**Task instructions**
A word-for-word copy of the data, pictures excluded, is what this task asks for.
[Available data]
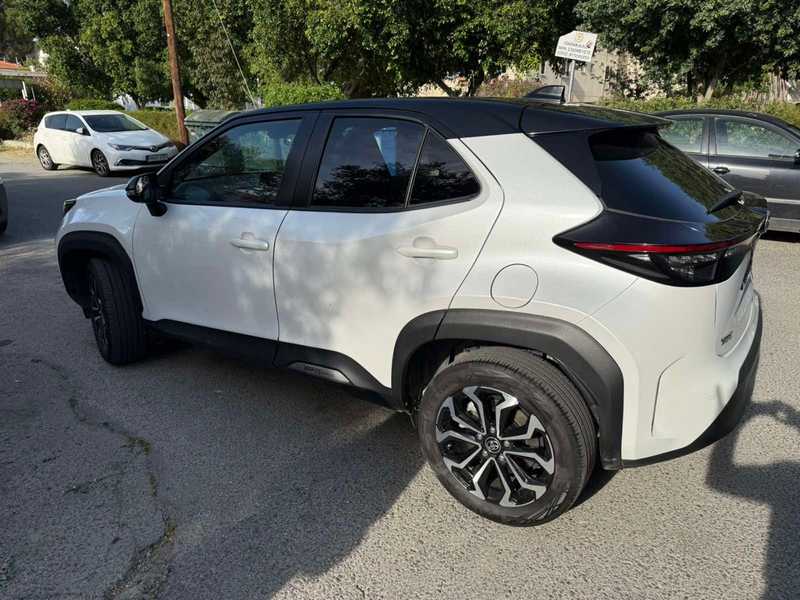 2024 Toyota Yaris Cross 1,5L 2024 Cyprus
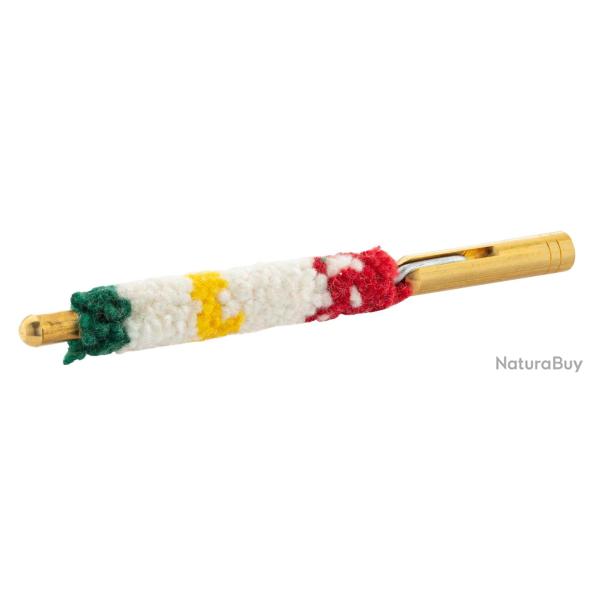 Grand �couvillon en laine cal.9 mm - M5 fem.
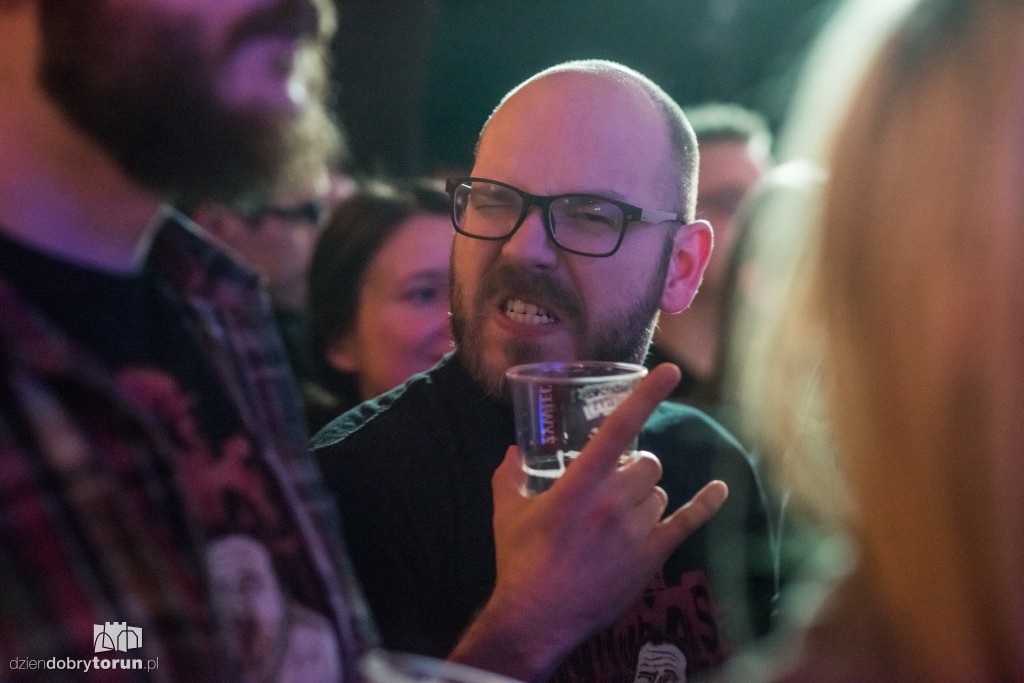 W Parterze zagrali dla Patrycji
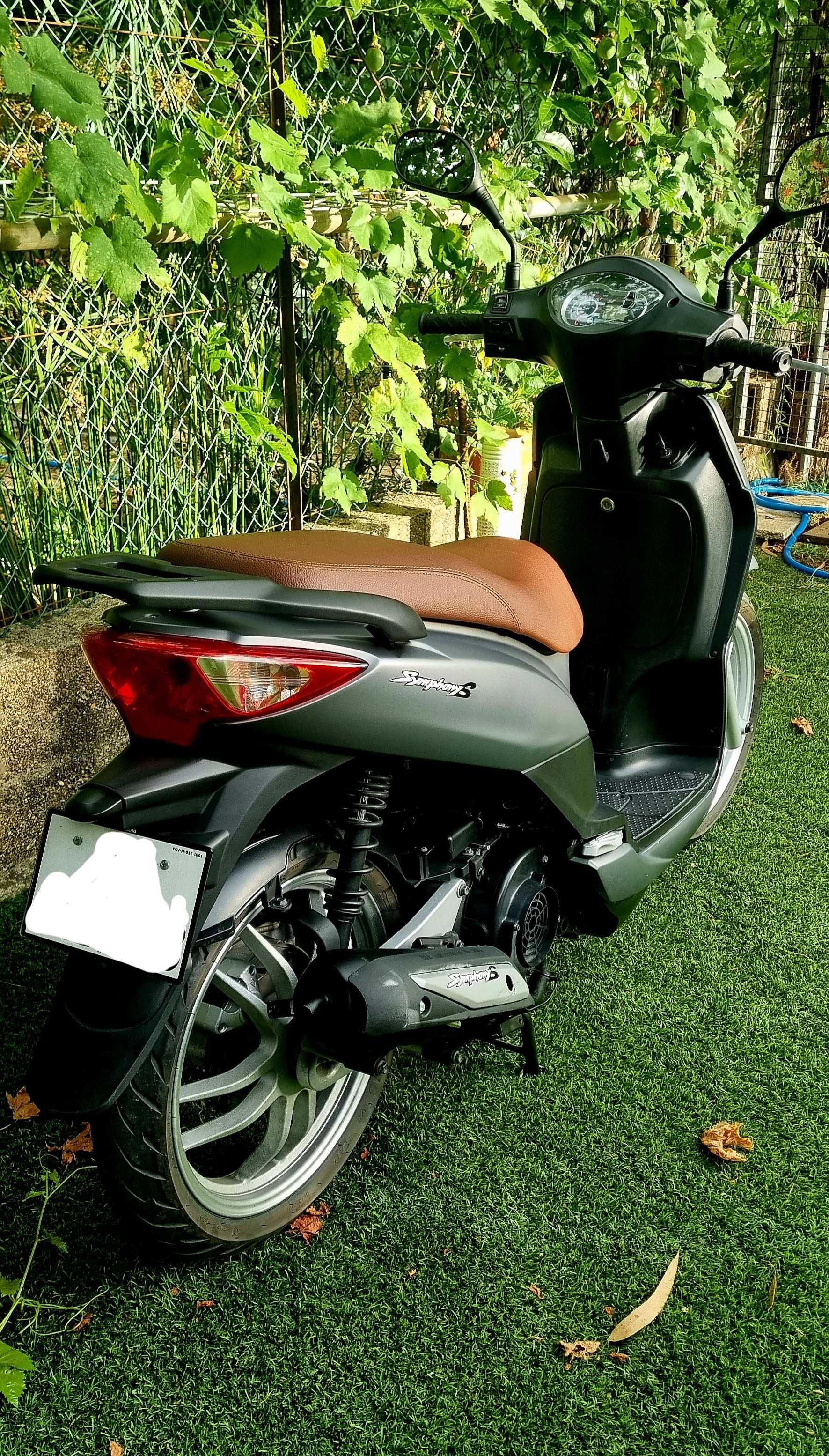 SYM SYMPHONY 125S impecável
[/Available data]
**Result of the task**
 2024 Toyota Yaris Cross 1,5L 2024 Cyprus
 Grand �couvillon en laine cal.9 mm - M5 fem.
 W Parterze zagrali dla Patrycji
 SYM SYMPHONY 125S impecável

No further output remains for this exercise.